Data extracts

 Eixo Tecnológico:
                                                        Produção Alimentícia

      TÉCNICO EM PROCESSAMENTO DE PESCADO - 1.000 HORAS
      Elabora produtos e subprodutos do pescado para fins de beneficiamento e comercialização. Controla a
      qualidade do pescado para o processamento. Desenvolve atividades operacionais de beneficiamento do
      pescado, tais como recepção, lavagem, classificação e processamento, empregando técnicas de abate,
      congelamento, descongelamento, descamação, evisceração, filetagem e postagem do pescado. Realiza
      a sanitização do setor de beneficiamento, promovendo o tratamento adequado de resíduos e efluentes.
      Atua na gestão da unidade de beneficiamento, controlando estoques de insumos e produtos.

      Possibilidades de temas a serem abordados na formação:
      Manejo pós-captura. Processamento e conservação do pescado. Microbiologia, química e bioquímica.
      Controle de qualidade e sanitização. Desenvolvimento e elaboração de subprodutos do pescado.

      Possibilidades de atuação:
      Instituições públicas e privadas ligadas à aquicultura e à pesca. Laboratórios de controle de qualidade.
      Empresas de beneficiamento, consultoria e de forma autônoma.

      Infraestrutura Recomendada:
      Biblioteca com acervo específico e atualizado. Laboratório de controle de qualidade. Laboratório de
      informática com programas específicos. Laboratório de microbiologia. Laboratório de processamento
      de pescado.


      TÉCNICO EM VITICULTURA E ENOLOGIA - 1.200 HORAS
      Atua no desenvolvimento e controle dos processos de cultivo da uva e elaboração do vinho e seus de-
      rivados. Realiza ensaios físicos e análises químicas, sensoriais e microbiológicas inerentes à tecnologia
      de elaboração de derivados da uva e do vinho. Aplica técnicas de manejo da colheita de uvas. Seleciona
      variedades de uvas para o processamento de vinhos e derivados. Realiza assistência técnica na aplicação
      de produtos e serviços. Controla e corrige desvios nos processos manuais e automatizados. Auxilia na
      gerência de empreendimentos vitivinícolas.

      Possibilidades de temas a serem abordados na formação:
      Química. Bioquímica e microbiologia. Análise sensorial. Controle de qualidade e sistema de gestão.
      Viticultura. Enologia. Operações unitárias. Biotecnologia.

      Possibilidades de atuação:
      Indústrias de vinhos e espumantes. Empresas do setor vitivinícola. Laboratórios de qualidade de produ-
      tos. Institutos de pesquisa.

Work order
If a line of the records includes the string "Realiza", copy it out.

Result
      congelamento, descongelamento, descamação, evisceração, filetagem e postagem do pescado. Realiza
      rivados. Realiza ensaios físicos e análises químicas, sensoriais e microbiológicas inerentes à tecnologia
      variedades de uvas para o processamento de vinhos e derivados. Realiza assistência técnica na aplicação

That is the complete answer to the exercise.